Tech Terms That Should Be Banned In 2021
For those who have been operating in the music/tech sphere for the past year or so, there are few words and phrases that have hit a saturation point, and everyone is sick of hearing. Here, we look at a list terms that need a little time off from the lexicon.
Guest post by Bobby Owsinski of Music 3.0
We’ve heard some of these tech words and phrases so much that they now hold no meaning, so it’s time to stop using them. Yep, tech words, phrases, and jargon have now seeped in the music business (especially music tech), but we can save ourselves in the new year with a little awareness. Below is a non-comprehensive list inspired by Shelly Palmer.
We hacked it – If you mean you “figured it out,” then just say that in plain English.
Paradigm shift – Once again the plain “something new” will suffice, unless you’re talking about something so momentous that it has never been thought of before.
Game changer – Most of the time you mean “interesting,” “meaningful,” “significant,” “impactful.” That’s good enough.
Disrupt the industry – That’s a pretty dramatic way of just saying “change.”

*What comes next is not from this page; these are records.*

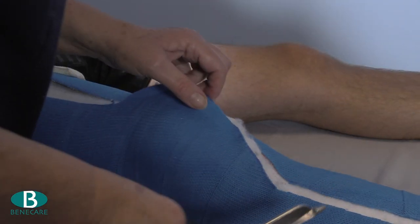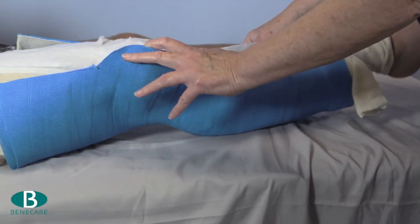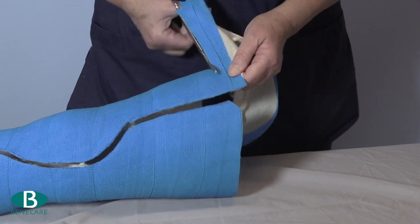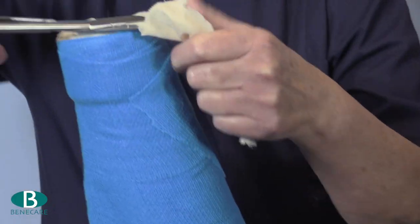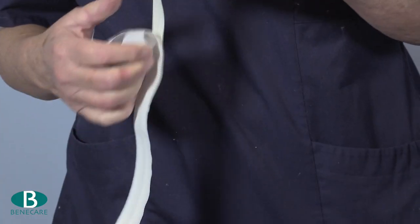Trim at each extremity of the cast, and edge using either elasticated strapping or fleecy edging tape.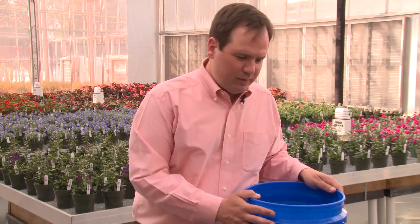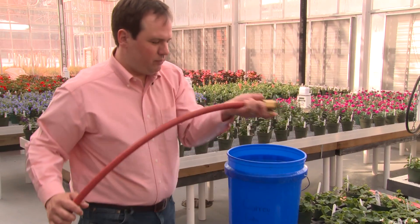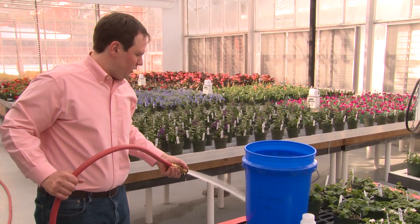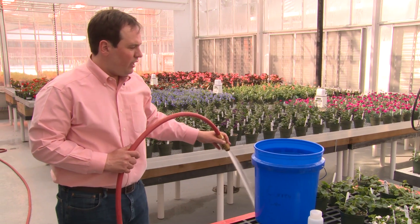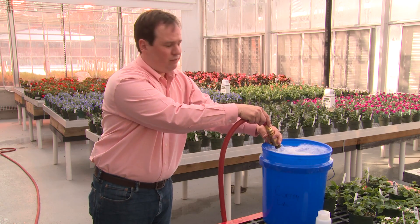We're going to cover three different methods for measuring our alkalinity levels in our irrigation water. First, we want to collect a sample of our irrigation water. We want to make sure that we have a representative sample. What I like to do is get my hose, turn it on, let it run a little bit, and then collect the sample in a bucket. I've already filled this five gallon bucket.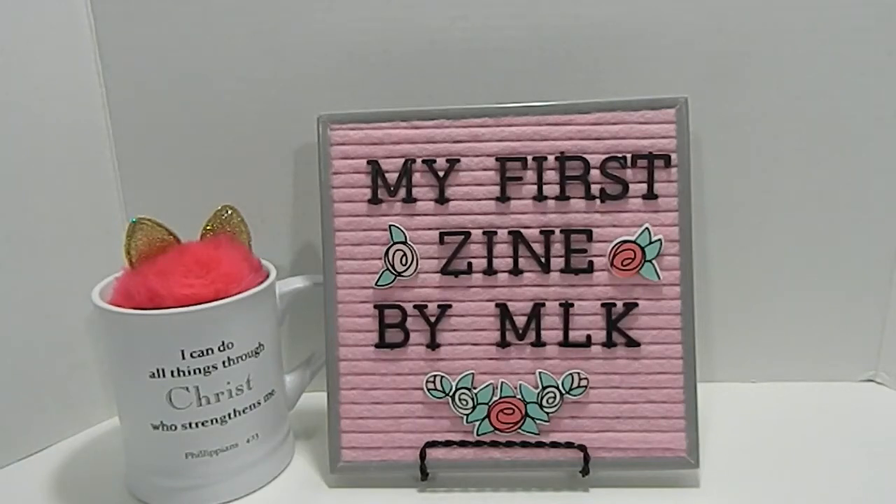Hi everyone, this is Tonya here with Memory Lane Keepsakes. Welcome back to my channel. Today I am sharing my first zine that I created for a challenge. This zine was created for Becoming Fab here on YouTube, and I want to walk you guys through what I created and why I created my zine the way that I did, and some of the requirements she has for her zine challenge.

Monetize – I know, I use this one myself. A simpler way is to just say, “how we make money.”
Blockchain – Most people who throw this word around don’t even know what it means. If I hear how “Blockchain is going to change the music industry forever,” or “It will let you charge whatever you want for your music,” I think I’ll scream. It’s just a clever database technology. It’s ability to change the music business has been overrated.
AI (artificial intelligence) – Again, I’m as guilty as anyone for using this. Most of the time this is referring to machine learning, which is a subset of AI. Better to use “this will automatically happen” instead of inferring magic powers on the process.
The above tech words and phrases can be useful, but just like superstar artists, only 1% of the time. Shelly mentioned a few more, like “5G,” “hockey stick,” and “ideate” that thankfully haven’t made it into every day music tech yet. Let’s hope that 2021 brings us clearer language with fewer buzzwords (Yes, I intend to practice what I preach).